Through a couple of revisions over the subsequent few years, that "impoverished notation" eventually got embedded, through some awful operator overloading, as a kind of DSL inside of Python. But it was clear to everyone that it would be impossible to release that publicly to GCP users; it was much too clunky, and also by then tied inextricably to Python idiosyncrasies. So in about 2015, give or take, we came back to the question of what a better textual notation might look like.
The obvious first choice was to see if we could somehow twist SQL into being useful, possibly with some custom functions or very minor extensions. Around this time there was a large effort going on to standardize several different SQL dialects that were being used by internal systems (BigQuery/Dremel's SQL dialect was not the same as Spanner's dialect, etc). So it felt like there was a convenient opportunity to somehow fit time series data into the same model.

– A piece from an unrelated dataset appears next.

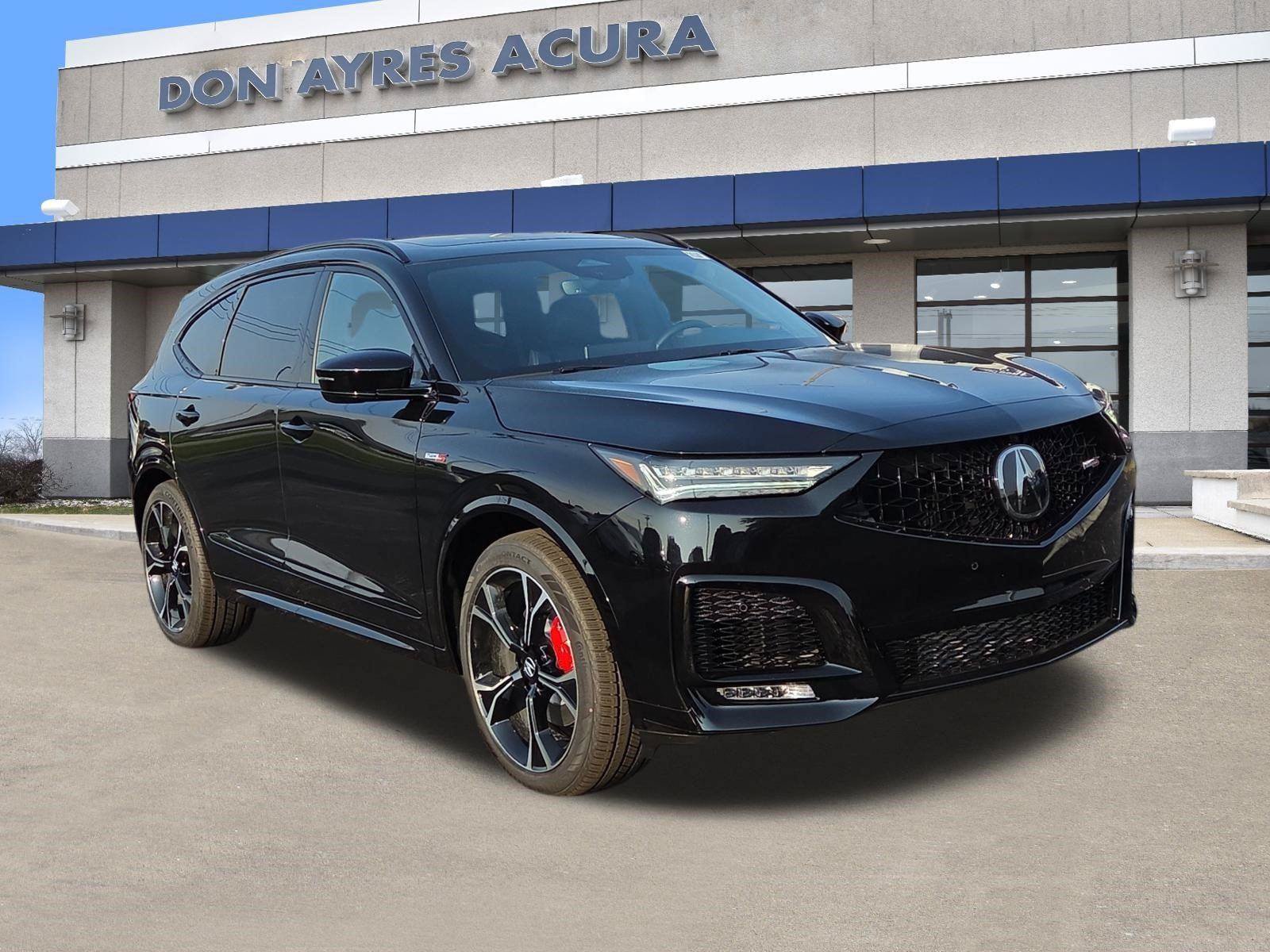New 2026 Acura MDX Type S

John did a bunch of due diligence to try to make that idea work, but it just wouldn't fly. I remember a list he had of about fifty of the most common kinds of queries, written with a SQL version next to (an early version of) Monarch's current query language. Nearly everyone he showed it to, across the spectrum of experience and seniority, both SWE and SRE, said "of course I'd rather read and write SQL, let me look at that list"... and then went through it careful and came out thinking, well, maybe not.
I don't know if there are any interesting conclusions to draw from the history of it, except that language design is really hard. I agree that it's a fun little language, and I'm very happy that John and the team managed to get it out publicly in Stackdriver.

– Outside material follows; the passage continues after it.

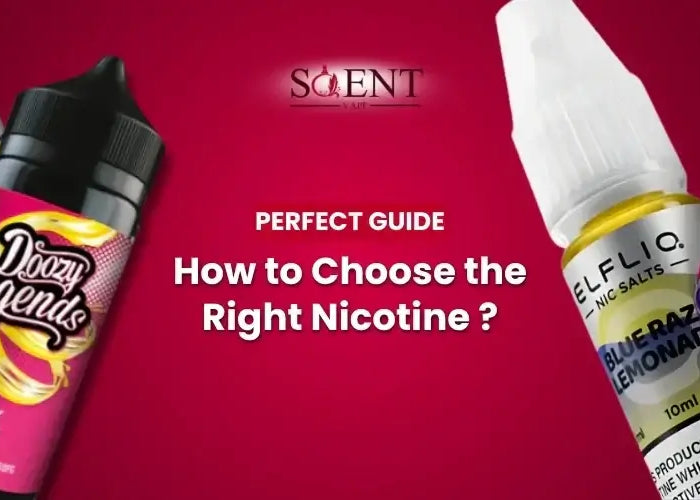 How to Choose the Right Nicotine Strength for Your Vape Juice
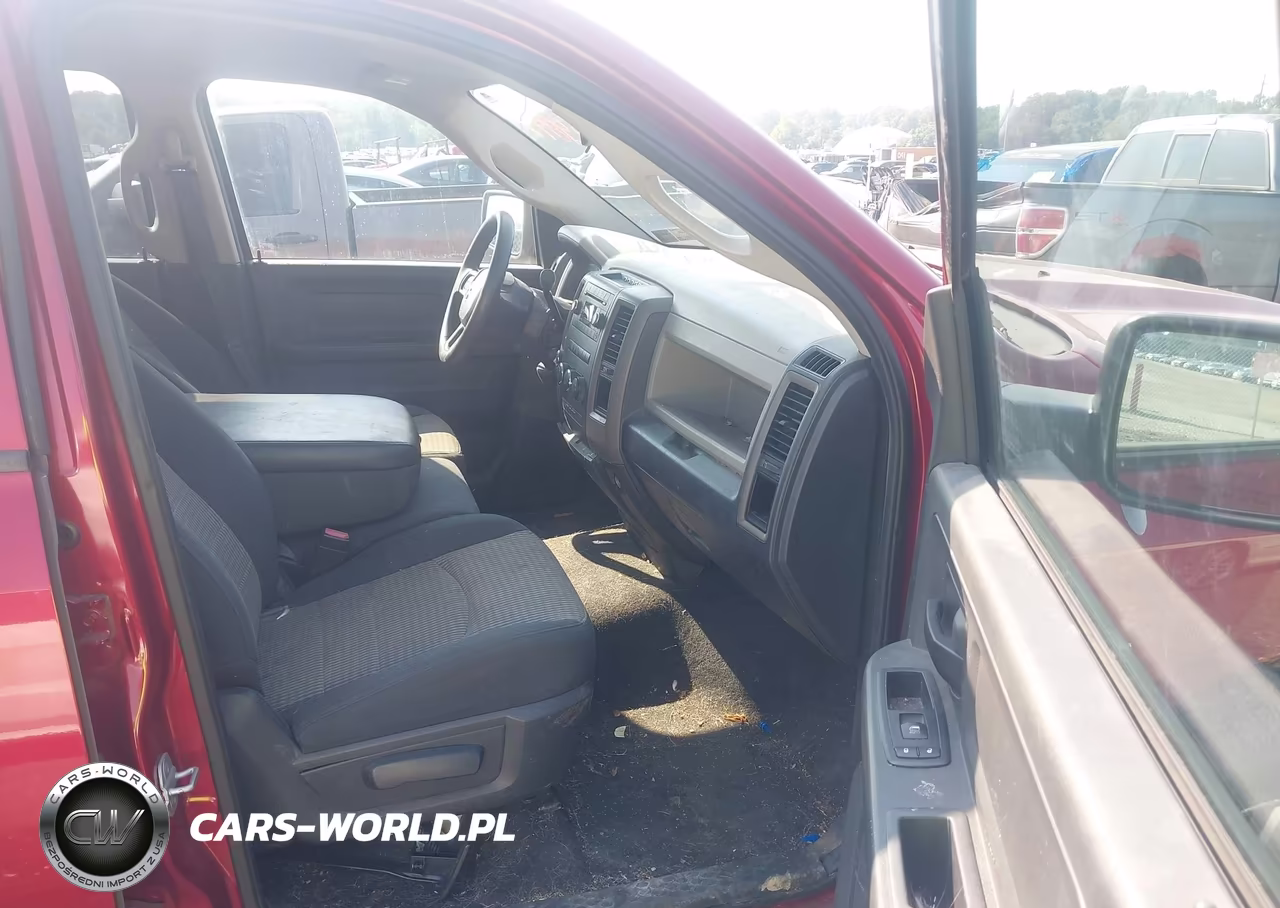 2012 Ram 1500 Express VIN:1C6RD7FT8CS134485 - 5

If you ignore the issue of alignment, I actually think that a more conventional array based language, either something SQL-like or numpy-like, would be more accessible to most people. And things like windowing are incredibly unintuitive for most users.
The only other places I've seen Google give out hard numbers were a presentation by Jeff Dean mentioning map-reduce core-years consumed per day, and a footnote in a paper that mentions how much CPU time Google Exacycle gives away to scientific computing every day. All of these calibration points are eye-opening.

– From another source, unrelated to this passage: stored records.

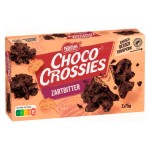 Шоколадные хлопья Nestle Choco Crossies Zartbitter, темный шоколад, 150 г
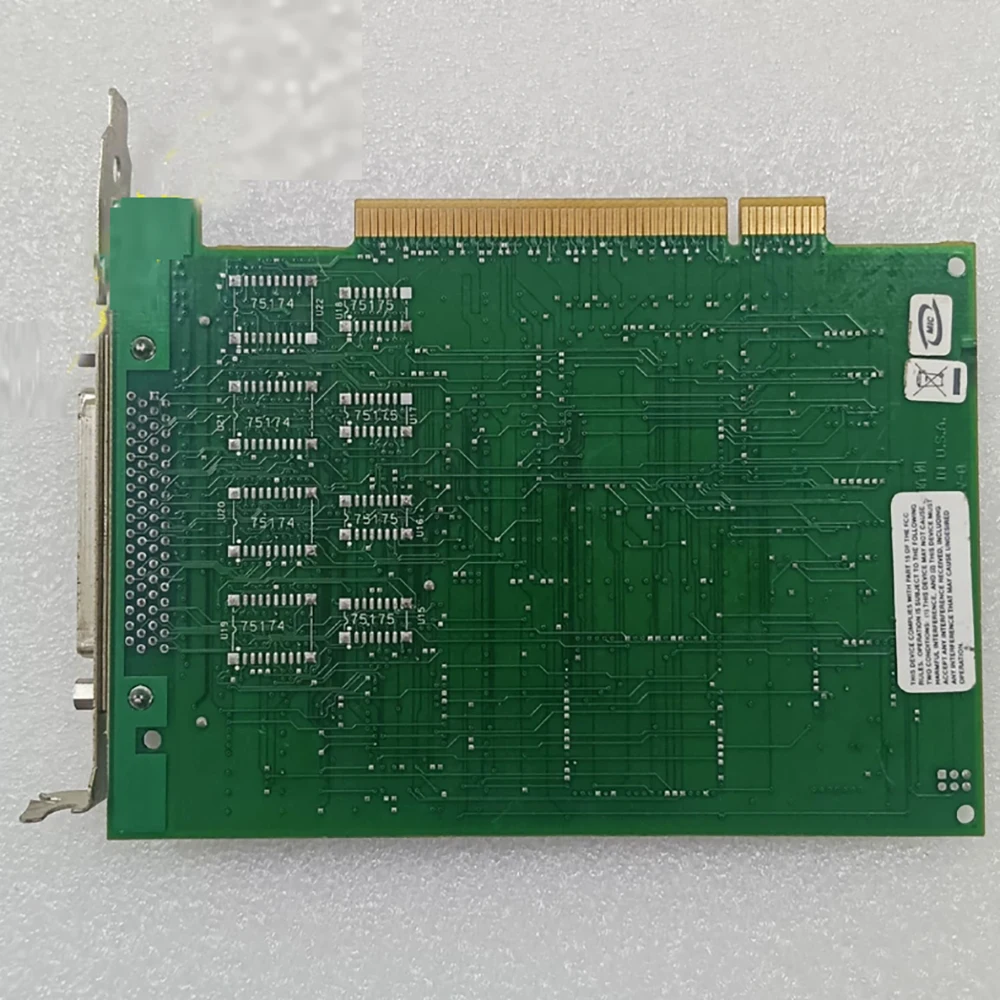 Para NI PCI 232/485.8CH 184677D-01 Tarjeta de adquisición de datos de control industrial - imagen 5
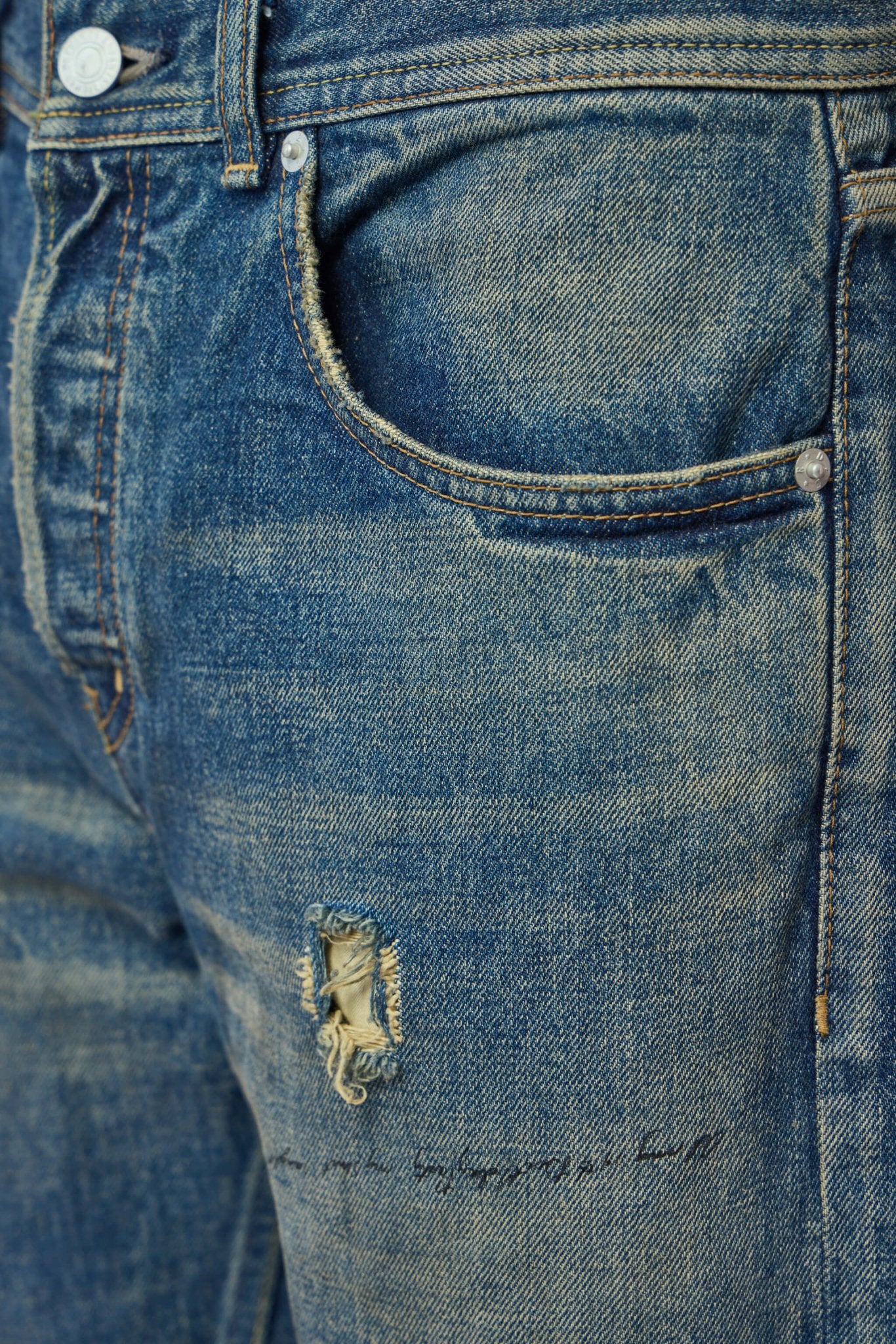 Only Son Bruised Jeans - Image 4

A single core design allows a very simple concurrency model, without having to worry about cache pingponging, false sharing, or myriad other issues. The parallelism is applied at higher layers, as there are multiple replicas for each leaf and obviously they can use many cores effectively overall.
I don't see that the paper gives enough information to help us prune the design space here.
The reason supercomputers are so tiny compared to cloud data-centers is that cloud computing is highly and mostly-triviallly parallel, but supercomputers are mesh and serial.
I haven't found anything as good as Monarch and the internal dashboard, though. Monarch always made sense to me, by not doing anything clever. For example, if you want to aggregate across different streams, you have to "align" them first, and the alignment is the operation that defines how to make up missing points. Other systems don't have that alignment step, and it causes me to struggle with everything else I want to do.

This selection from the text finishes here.